My IOGear USB to 802.11B print server would not connect to this router configured with the same WEP settings as my old Belkin 802.11G router.
My initial configuration was this:
Primary 2.4GHz SSID = B/G/N WPA
Primary 5GHz SSID = A/N WPA
Guest 2.4GHz SSID = WEP
I tried the above setup both with the DIR-825 configured as a router and an AP (DHCP off / no wire to WAN port).
Two problems observed:
1) The printer could not connect to this configuration, but any laptop could.
2) I also found that any device connected in N mode would lose communication with the network (not wireless connection) a few minutes after association. This was easily reproducible by trying to copy a file from a network share through windows explorer. A few bytes would copy, then stop. The connection was fine, but you'd no longer be able to ping the router. Computer connected with G had no problem with this same configuration.

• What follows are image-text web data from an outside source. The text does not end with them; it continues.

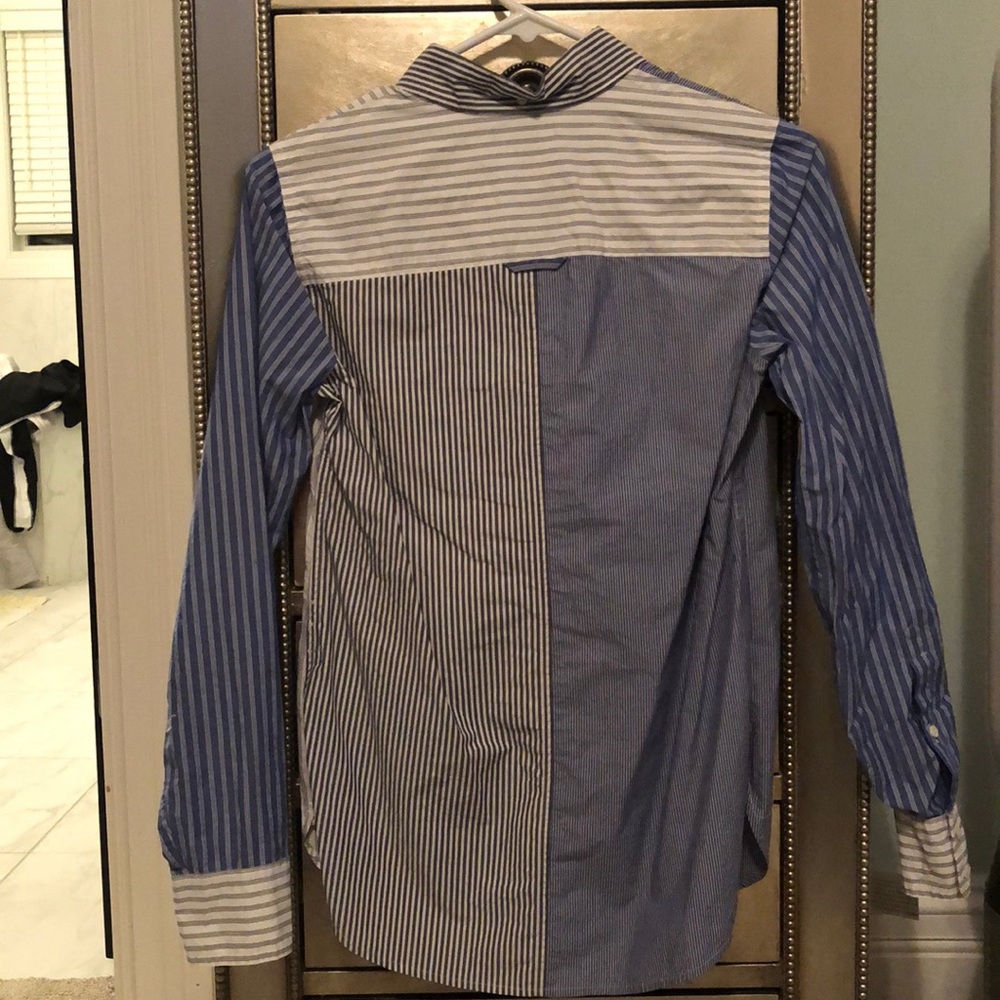 Jcrew Blue Button-Up - image 3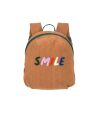 Lässig - Tiny Backpack Cord Little Gang Smile - caramel
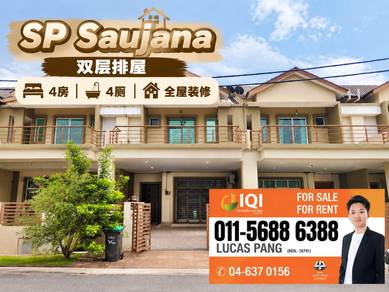 BANDAR SP SAUJANA – Fully Furnished - DOUBLE STOREY TERRACE FOR SALE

I finally found that the IOGear Wireless B device would connect when the Primary SSID was set to WEP instead of the Guest Zone. So I changed the configuration to this:
Primary 2.4GHz SSID = B/G/N WEP
Primary 5GHz SSID = A/N WPA
Guest 2.4GHz SSID = WPA
Now the IOGear / printer connects with no problem. However issue #2 persists. I've read in some places that 802.11N does not support WEP. If I remove the WEP configuration, my N devices work properly. But then I have no printer. It's also interesting that other routers I use and that work properly with multiple SSIDs would have the WPA SSID available on B/G/N and the WEP SSID available only on B/G. Where as the DIR-825 shows the WEP SSID on B/G/N.
By the way, I should note that the N connection issues are the same regardless of the client device used. It's easily reproducible even with a DWA-160 (ver B1) when connecting on 2.4GHz band.
If anyone knows how to entice D-Link to correct this, please let me know. I'd be more than happy to provide detailed, reproducible use cases.